### Your objective
Scan the entries below. Report each line where the string "Drive" occurs.

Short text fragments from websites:
***
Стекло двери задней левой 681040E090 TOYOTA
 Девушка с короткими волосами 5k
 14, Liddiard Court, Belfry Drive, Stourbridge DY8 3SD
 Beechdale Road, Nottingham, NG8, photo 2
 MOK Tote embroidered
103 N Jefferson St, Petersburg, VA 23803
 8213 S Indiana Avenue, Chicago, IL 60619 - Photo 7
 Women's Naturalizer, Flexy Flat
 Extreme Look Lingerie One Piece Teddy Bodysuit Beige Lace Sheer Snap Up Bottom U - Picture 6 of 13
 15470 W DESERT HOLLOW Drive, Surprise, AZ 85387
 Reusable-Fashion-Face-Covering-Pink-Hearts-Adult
***
### Reply to the exercise
 14, Liddiard Court, Belfry Drive, Stourbridge DY8 3SD
 15470 W DESERT HOLLOW Drive, Surprise, AZ 85387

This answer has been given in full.